Bazı genomik testler bağışıklık sistemi, bazıları kalp sağlığı hakkında bilgi verirken kimisi detoks sistemi bir diğeri ise kemik dokusunun geleceği hakkında fikir sahibi olmanızı sağlıyor. Hepsi muhtemel genetik riskleriniz hakkında daha fazla bilgi sahibi olmanıza yardımcı oluyor.
Genetik bilimi özellikle GENOM projesinin hayata geçirilmesinden sonra tıp dünyası için akla hayale sığmayan yeni ufuklar açtı.
Bu araştırmalar sayesinde geliştirilen genetik incelemeler ve genomik testler eğer doğru ellerde, doğru yöntemlerle yapılır ve dikkatli, tarafsız gözle yorumlanırsa gelecekteki hastalıklarınız hakkında önemli ölçüde fikir verebilirler.
Genetik araştırmalar ve genetik testler geleceğimiz, bizden sonraki nesiller için bile önemli sağlık tahminlerinde bulunabiliyor.
Örneğin PPAR geni ile ilgili çalışmalar muhtemel obezite riskiniz, MTHFR geniyle ilgili çalışmalar folik asit eksikliğiniz ile ilgili riskleriniz, TNF-1 alfa geniyle ilgili testler ise kanser riskiniz konusunda sizi önceden bilgilendirebilir. Angelina Jolie’nin meme kanseri riski nedeniyle memelerini aldırması da genomik testlerin ve genetik incelemelerin bir sonucudur.
Bu tabii ki meme kanseri riski taşıdığınızı öğrendiğinizde sizin de benzer bir önlem almanız anlamına gelmiyor.
Memelerinizi aldırmasanız bile bu tür bir bilgi, sizin kontroller konusunda daha hassas ve dikkatli olmanızı sağlayacak, hayatınızı kurtaracak bir yaklaşım oluşturmanız yetiyor.
Bazı genomik testler bağışıklık sistemi (immunogenomik), bazıları kalp sağlığı (kardiyogenomik) hakkında bilgi verirken kimisi detoks sistemi (detoxigenomik) bir diğeri ise kemik dokusunun (osteogenomik) geleceği hakkında fikir sahibi olmanızı sağlıyor.
Bu örnekleri çoğaltmak mümkündür. Bütün bu testlerin ortak noktası ise şu: Hepsi muhtemel genetik riskleriniz hakkında daha fazla bilgi sahibi olmanızı sağlıyor.

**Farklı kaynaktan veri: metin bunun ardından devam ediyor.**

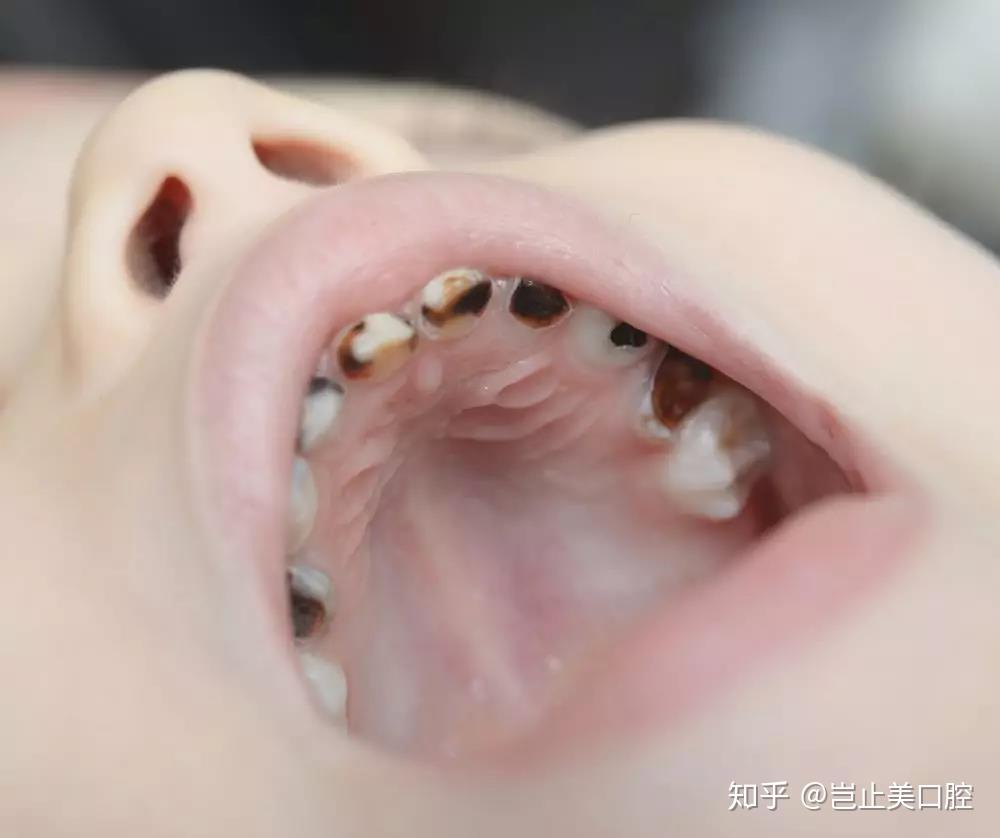 为什么要使用护牙素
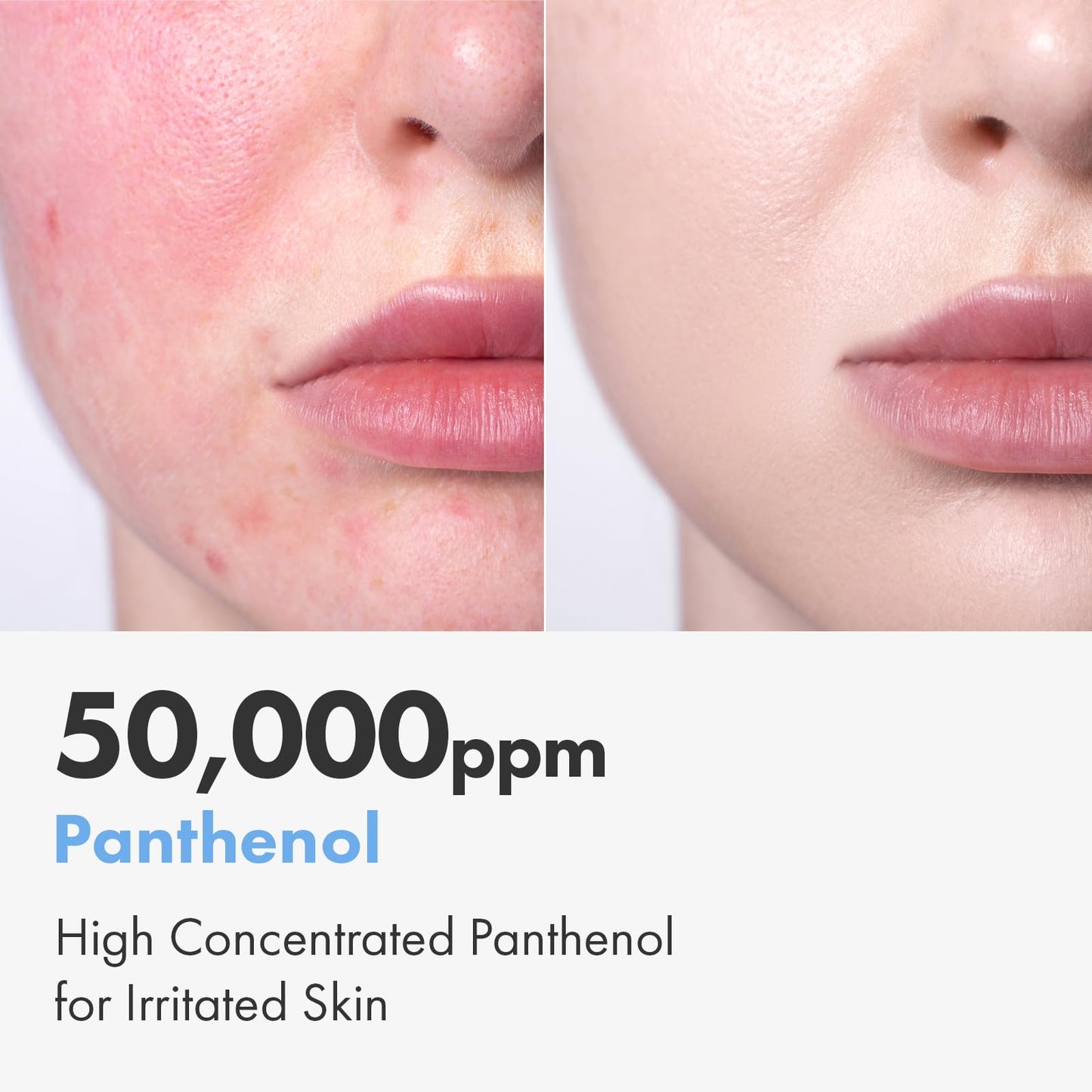 NATUREKIND Cica Panthenol Cream, 50,000ppm Panthenol, Centella Asiatica & Hyaluronic Acid, Barrier Repair Moisturizer for Dry, Sensitive Skin, Korean Skincare, 150g, 5.29 oz.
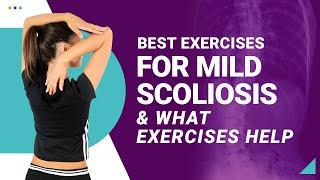 Best Exercises for Mild Scoliosis & What Exercises Help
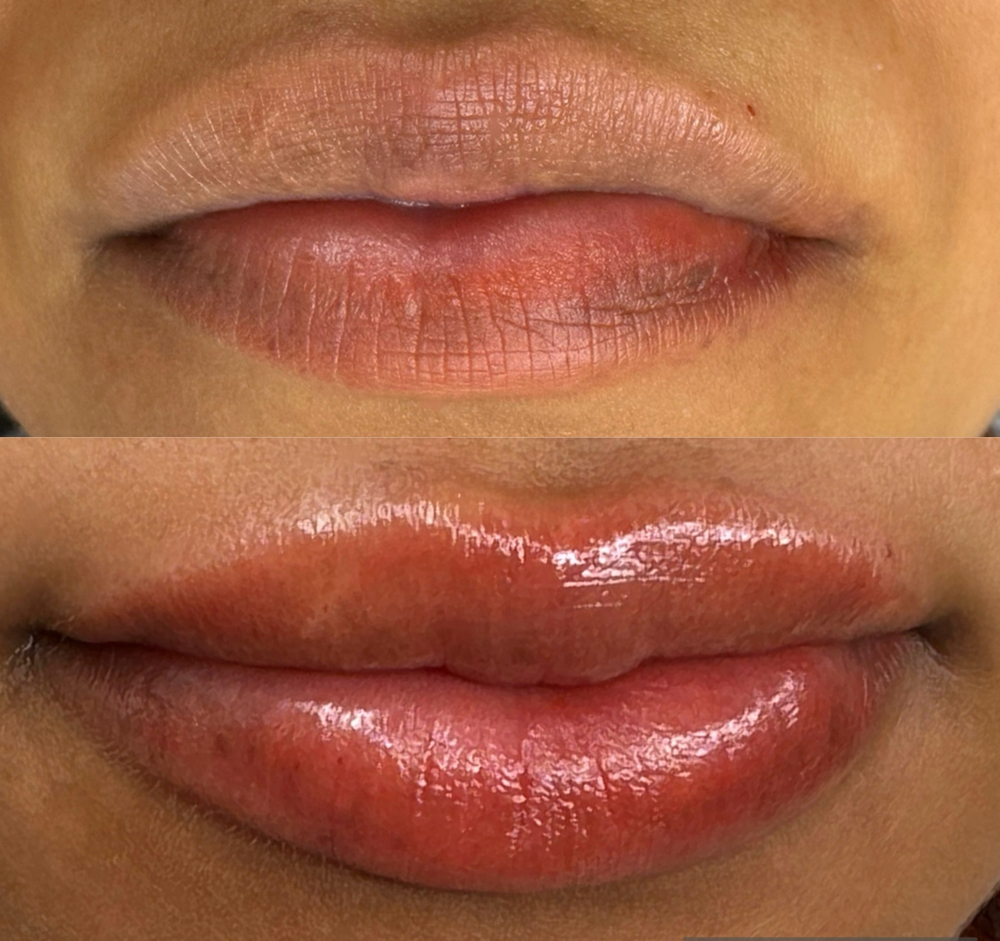 Lip Neutralization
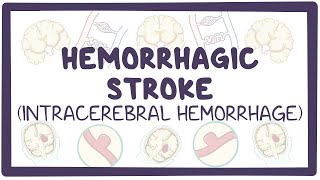 Hemorrhagic stroke intracerebral hemorrhage  causes symptoms diagnosis treatment pathology [upl. by Calen117]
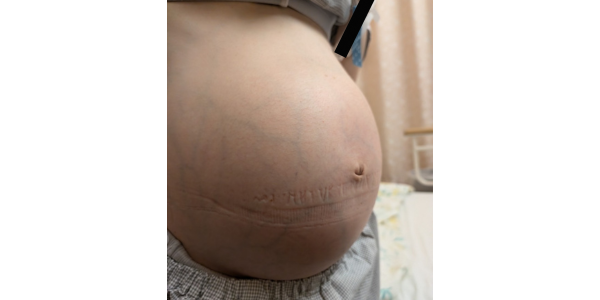 出産前日のお腹。妊娠線ができていないことを示している。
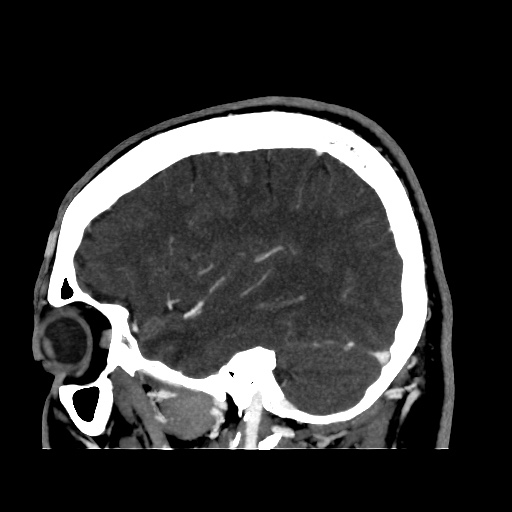 Occipital extradural hematoma simulating venous sinus thrombosis (Radiopaedia 46514-50964 D 21).jpg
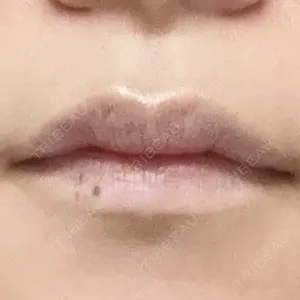 口コミ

Vücudunuzda sonradan gelişebilecek pek çok hastalığı önceden öğrenebilmek ise bunlara karşı çok erken dönemde önlem alabilmeniz anlamına geliyor.
Bazı özel genetik testler de yaşlanmanın temel nedeni olan oksidatif stresin derecesini ve hızını bile tayin edebiliyor.
Öyle büyük bir değişime, öyle etkileyici bir bilimsel devinime şahit oluyoruz ki, neredeyse “Kaç yıl ömrüm kaldı?” sorusuna bile yanıt almak mümkün hale gelmek üzere.